The "old" and the new:










Adata memory which will serve for now:










lawl stock HSF


----------



## grunion

Quote:


> Originally Posted by *reflex99;11950471*
> Never used mega's, but 1156 holes are the same as 1155, so if you can find a 1156 braqcket, it should work just fine


So a 1366 back plate will not work?
I have the 1366 plate that came with the Mega.


----------



## AK-47

can somebody justify the $100 price difference between 2500k and 2600k to me?
Is 2mb of cache and ht really worth $100?


----------



## Axon14

Quote:



Originally Posted by *AK-47*


can somebody justify the $100 price difference between 2500k and 2600k to me?
Is 2mb of cache and ht really worth $100?


IMO, only if you do a lot of encoding and design work.


----------



## Behemoth777

Quote:



Originally Posted by *AK-47*


can somebody justify the $100 price difference between 2500k and 2600k to me?
Is 2mb of cache and ht really worth $100?

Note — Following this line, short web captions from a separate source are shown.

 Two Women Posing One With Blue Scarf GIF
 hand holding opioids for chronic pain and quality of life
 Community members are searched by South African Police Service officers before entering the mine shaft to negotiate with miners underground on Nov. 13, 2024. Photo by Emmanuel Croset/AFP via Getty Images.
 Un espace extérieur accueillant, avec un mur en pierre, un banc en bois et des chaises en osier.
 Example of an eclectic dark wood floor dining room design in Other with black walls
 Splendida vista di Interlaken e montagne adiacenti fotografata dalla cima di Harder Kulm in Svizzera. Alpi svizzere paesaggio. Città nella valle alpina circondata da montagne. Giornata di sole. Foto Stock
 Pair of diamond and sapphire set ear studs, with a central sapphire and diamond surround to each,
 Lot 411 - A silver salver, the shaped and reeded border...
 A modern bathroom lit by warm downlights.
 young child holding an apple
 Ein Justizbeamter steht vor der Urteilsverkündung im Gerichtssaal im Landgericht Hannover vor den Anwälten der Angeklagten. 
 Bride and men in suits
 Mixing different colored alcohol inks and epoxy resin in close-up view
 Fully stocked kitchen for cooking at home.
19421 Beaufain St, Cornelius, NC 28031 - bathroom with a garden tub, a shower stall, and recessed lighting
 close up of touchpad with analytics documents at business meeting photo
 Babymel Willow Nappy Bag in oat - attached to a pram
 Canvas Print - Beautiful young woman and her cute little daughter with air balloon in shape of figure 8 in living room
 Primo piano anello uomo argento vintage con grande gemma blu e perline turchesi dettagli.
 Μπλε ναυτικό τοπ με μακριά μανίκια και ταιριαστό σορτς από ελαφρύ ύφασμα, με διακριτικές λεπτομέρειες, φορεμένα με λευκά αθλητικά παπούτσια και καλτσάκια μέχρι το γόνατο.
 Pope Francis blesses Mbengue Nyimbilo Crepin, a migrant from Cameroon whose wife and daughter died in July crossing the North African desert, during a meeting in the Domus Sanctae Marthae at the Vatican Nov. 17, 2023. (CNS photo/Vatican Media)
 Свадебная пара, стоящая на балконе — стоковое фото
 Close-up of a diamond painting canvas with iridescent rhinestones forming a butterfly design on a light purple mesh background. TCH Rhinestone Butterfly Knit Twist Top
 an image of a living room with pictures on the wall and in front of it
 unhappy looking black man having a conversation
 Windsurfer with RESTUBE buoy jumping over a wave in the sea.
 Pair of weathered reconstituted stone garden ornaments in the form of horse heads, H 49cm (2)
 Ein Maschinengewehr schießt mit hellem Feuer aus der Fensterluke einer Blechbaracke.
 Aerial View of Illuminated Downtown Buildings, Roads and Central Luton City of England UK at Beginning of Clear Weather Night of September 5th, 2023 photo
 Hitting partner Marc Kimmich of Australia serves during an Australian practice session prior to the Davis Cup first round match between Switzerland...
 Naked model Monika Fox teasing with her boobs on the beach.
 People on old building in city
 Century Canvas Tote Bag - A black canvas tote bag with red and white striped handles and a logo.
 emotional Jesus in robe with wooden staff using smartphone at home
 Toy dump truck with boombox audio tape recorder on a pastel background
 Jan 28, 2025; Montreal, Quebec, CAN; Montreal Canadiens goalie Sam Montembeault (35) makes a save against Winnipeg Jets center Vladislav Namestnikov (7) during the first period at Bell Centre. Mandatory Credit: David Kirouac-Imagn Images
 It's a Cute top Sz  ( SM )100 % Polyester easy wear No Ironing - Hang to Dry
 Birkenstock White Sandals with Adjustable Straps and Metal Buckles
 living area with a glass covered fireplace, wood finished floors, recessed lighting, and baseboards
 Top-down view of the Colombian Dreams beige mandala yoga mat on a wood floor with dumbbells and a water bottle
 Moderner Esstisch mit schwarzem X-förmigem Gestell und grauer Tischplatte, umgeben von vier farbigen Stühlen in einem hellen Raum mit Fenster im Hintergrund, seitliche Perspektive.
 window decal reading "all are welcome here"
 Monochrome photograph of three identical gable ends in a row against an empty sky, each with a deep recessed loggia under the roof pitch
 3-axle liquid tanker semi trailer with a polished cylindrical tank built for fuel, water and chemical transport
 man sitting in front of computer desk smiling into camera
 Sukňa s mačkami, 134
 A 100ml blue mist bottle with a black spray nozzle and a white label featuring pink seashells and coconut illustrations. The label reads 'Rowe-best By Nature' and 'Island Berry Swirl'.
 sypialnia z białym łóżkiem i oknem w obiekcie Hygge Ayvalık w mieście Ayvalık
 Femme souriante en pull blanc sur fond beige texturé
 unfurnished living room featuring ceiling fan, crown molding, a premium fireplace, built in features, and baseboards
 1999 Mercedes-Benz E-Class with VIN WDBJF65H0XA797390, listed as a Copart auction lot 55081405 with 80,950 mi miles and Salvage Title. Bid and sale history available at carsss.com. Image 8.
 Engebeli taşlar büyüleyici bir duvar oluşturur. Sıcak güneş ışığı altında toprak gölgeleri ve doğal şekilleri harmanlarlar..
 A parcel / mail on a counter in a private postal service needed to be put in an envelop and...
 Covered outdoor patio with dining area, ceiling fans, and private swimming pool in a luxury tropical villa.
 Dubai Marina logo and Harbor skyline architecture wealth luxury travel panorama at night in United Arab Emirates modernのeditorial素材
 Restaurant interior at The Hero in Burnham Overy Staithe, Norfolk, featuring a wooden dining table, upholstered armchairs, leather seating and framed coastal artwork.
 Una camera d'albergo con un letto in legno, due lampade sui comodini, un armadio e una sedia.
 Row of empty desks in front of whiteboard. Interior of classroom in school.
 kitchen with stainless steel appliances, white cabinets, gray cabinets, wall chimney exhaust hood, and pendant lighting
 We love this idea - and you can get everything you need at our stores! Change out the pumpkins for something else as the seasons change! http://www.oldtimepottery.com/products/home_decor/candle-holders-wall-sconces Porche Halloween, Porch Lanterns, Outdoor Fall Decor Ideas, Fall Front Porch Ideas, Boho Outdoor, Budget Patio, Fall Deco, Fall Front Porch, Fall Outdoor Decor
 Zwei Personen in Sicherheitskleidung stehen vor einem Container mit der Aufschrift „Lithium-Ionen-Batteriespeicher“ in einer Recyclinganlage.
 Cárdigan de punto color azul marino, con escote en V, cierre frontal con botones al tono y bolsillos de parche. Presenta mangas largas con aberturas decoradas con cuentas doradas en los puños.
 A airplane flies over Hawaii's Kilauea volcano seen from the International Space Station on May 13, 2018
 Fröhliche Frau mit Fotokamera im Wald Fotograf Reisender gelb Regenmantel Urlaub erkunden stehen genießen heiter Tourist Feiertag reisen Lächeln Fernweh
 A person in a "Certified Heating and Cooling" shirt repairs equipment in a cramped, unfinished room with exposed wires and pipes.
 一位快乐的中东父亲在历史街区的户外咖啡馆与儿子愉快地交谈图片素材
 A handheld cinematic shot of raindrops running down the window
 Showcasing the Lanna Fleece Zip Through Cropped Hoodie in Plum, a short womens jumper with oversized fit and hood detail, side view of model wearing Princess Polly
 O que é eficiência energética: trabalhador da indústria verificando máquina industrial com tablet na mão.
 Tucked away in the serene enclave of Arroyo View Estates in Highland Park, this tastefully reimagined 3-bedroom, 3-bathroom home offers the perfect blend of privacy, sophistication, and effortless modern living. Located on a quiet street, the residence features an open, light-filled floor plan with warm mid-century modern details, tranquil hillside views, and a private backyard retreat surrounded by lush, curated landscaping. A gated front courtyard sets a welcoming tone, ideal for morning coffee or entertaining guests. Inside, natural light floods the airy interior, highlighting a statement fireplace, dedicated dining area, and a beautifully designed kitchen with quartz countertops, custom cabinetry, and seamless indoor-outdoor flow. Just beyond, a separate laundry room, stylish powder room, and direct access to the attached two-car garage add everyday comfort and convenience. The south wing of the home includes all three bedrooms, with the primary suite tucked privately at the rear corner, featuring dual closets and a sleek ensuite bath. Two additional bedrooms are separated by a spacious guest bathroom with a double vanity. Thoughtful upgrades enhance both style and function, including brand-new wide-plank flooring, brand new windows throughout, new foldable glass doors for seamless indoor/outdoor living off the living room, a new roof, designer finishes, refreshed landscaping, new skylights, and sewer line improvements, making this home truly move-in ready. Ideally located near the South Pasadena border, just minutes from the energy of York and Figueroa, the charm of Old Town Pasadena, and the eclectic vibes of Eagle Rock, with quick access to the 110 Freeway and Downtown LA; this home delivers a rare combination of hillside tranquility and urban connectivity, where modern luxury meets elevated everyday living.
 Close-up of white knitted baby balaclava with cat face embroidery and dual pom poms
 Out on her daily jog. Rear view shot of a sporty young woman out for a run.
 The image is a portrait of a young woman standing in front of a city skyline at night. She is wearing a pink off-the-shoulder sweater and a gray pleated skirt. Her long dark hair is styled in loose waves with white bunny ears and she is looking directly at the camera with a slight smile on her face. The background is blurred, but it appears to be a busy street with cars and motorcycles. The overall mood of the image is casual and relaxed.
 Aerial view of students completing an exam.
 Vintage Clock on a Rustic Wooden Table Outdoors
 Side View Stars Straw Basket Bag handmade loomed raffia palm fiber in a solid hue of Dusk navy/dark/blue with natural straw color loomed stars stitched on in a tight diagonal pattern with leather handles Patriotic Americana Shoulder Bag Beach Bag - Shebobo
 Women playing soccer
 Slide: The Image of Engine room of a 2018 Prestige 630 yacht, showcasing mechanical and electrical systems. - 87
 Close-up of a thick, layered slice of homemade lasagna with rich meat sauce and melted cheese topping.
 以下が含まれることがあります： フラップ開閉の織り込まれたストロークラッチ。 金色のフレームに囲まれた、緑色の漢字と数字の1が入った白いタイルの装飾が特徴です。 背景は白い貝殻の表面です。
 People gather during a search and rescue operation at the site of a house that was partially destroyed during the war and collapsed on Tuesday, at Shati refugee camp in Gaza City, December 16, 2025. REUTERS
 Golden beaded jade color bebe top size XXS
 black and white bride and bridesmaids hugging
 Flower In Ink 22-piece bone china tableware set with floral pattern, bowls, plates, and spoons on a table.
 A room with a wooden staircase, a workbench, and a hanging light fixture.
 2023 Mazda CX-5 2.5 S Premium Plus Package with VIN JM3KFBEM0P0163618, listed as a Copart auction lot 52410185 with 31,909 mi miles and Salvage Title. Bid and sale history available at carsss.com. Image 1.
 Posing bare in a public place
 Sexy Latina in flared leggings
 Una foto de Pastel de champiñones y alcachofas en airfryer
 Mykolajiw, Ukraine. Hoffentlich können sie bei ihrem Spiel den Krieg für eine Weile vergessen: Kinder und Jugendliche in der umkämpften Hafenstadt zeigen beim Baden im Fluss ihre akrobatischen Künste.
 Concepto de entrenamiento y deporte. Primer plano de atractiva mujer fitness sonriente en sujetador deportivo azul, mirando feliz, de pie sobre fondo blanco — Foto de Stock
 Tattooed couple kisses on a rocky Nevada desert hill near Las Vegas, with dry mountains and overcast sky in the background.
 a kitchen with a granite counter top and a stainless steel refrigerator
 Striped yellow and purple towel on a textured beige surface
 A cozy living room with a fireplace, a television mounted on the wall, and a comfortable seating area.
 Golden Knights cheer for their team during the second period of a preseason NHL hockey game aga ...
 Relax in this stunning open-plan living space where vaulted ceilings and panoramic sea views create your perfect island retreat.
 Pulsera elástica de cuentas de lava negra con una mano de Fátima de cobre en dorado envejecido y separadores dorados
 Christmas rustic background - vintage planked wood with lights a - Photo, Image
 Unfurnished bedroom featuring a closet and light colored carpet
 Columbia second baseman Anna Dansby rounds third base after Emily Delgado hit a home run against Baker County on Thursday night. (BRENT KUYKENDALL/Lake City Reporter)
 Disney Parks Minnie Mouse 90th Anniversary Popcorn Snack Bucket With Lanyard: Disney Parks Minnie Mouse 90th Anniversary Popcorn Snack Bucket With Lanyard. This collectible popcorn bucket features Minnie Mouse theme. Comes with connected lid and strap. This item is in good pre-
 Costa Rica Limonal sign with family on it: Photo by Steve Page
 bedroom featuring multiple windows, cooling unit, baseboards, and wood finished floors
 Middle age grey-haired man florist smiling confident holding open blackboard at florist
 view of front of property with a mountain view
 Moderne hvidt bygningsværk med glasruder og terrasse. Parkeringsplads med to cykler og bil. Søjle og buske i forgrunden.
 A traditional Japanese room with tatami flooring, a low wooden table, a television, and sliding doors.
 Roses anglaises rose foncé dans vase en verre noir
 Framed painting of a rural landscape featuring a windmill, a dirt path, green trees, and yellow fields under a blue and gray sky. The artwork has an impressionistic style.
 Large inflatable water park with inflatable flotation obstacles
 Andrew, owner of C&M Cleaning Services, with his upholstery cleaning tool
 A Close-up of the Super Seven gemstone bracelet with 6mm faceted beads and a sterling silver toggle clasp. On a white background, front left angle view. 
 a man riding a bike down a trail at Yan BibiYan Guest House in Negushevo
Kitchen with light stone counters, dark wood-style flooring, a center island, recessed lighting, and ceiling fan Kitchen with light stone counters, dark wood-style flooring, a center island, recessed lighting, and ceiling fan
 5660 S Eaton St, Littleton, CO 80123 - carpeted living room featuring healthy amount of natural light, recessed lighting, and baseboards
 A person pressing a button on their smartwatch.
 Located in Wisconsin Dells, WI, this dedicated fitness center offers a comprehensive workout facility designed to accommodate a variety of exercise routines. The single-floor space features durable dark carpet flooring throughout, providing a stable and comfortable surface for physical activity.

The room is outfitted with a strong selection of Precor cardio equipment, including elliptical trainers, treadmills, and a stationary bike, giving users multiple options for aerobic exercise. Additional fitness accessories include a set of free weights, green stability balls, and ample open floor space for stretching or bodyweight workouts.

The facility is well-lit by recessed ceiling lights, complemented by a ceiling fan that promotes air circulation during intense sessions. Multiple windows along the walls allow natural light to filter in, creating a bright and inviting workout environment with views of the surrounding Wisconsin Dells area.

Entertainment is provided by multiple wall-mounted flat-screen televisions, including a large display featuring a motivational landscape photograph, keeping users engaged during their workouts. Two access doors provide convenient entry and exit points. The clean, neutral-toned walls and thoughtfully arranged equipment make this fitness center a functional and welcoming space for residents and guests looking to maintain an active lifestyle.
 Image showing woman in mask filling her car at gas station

The 2600k also has HT, which is useful for heavily threaded applications. It is also really good for folding because you can do bigadv WU, whereas you can't with the 2500k.

If your building a gaming only rig, then the 2500k is your processor.


----------



## lightsout

Quote:



Originally Posted by *AK-47*


can somebody justify the $100 price difference between 2500k and 2600k to me?
Is 2mb of cache and ht really worth $100?


I decided to save the 100 bucks and snagged the i5.


----------



## Agavehound

I'm in.

Asus Pro, 2600k batch LO40B208 runnin at 4.54


----------



## Behemoth777

Quote:



Originally Posted by *lightsout*


I decided to save the 100 bucks and snagged the i5.


You know, i'm actually thinking about doing that too. I don't think I would really get my $100 extra worth by doing so.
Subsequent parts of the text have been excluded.